I just sent an updated version of the patch to Scott, which faults on
almost every mem access. Unfortunately that slows the system to a
crawl (doh), in fact so much of a crawl that nothing much
happens. Anybody have a turbofast P4/Athlon they want to lend or send
me ;-)

Scott F. Kaplan <sfkaplan@cs.amherst.edu> writes:

[...]

> Not to look a gift horse in the mouth, but the ability to trace
> selectively either the whole system OR an individual application
> would be useful.  Certainly whole system traces would be new, as
> individual process traces can be gathered with other tools (although
> I don't know of one available on Linux -- I'm stuck using ATOM under
> Alpha/Tru64.)

That looks like a very cool package (AFAICS it instruments the binary
to call a subroutine before every memory access).
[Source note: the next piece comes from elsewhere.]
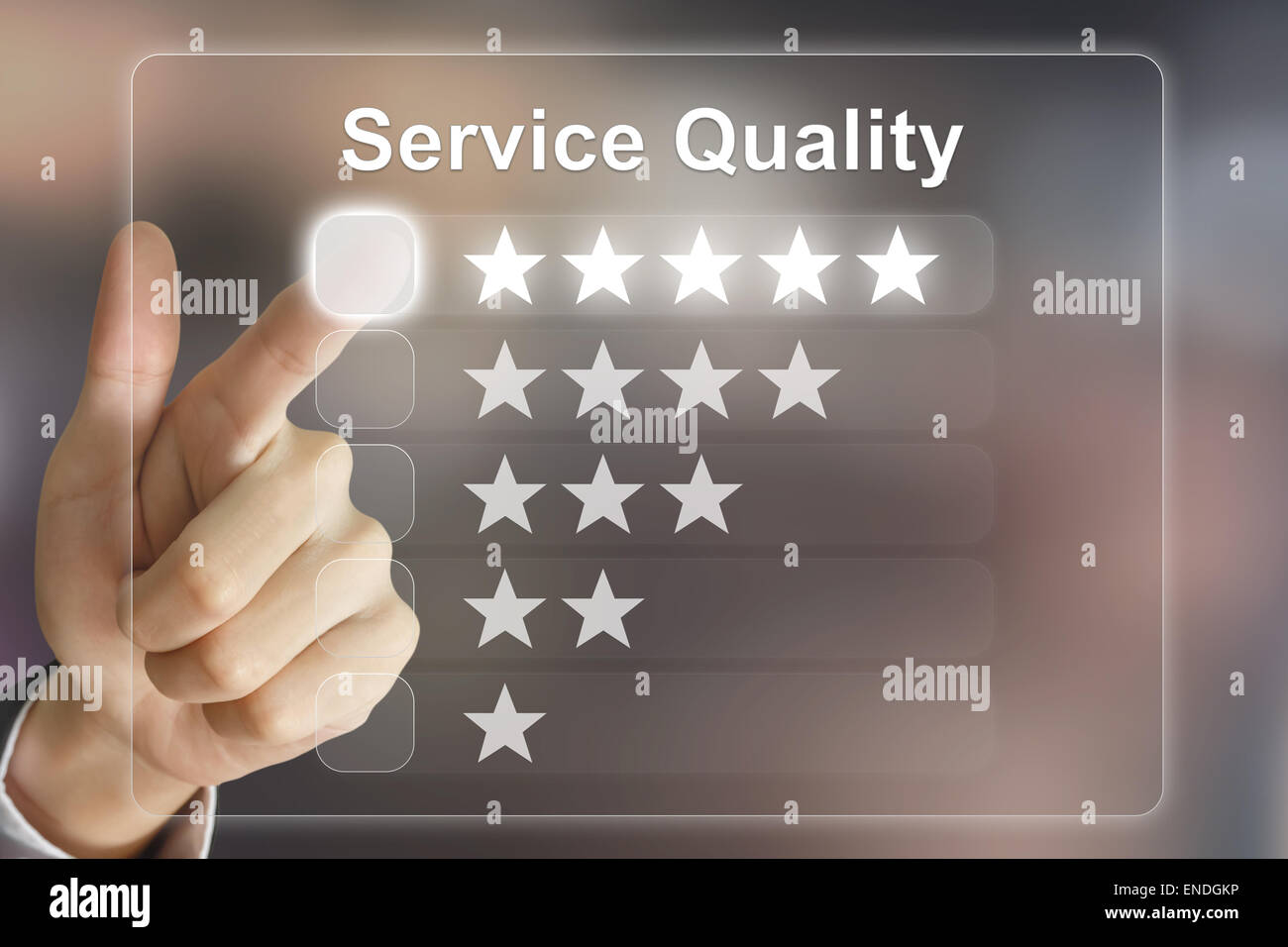 Mano de negocios haciendo clic en la calidad de los servicios de interfaz de pantalla virtual Foto de stock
The pagetrace patch has a slightly different goal however. The alpha
people seemed to want to tune their cache behaviour whereas I want to
tune the VM behaviour.

> > In the current patch all pagefaults are recorded from all
> > sources. I'd like to be able to catch read(2) and write(2) (buffer
> > cache stuff) as well but I don't know how . . . .
> 
> Also a great idea.  Someone who works on the filesystem end of the
> kernel should be able to add support for this kind of thing without
> much trouble, don't you think?

I'd really like a clue or too in this direction certainly because its
difficult to simulate the VM if you don't know how big e.g. the
directory dcache is.

> > Of course! It is important not to regard each thread group as an
> > independent entity IMHO (had a big old argument about this).
> 
> Yes, I was the other side of that argument! :-)  I'll still contend that, 

Hehe. Let's not go into that right now ;-)

[...]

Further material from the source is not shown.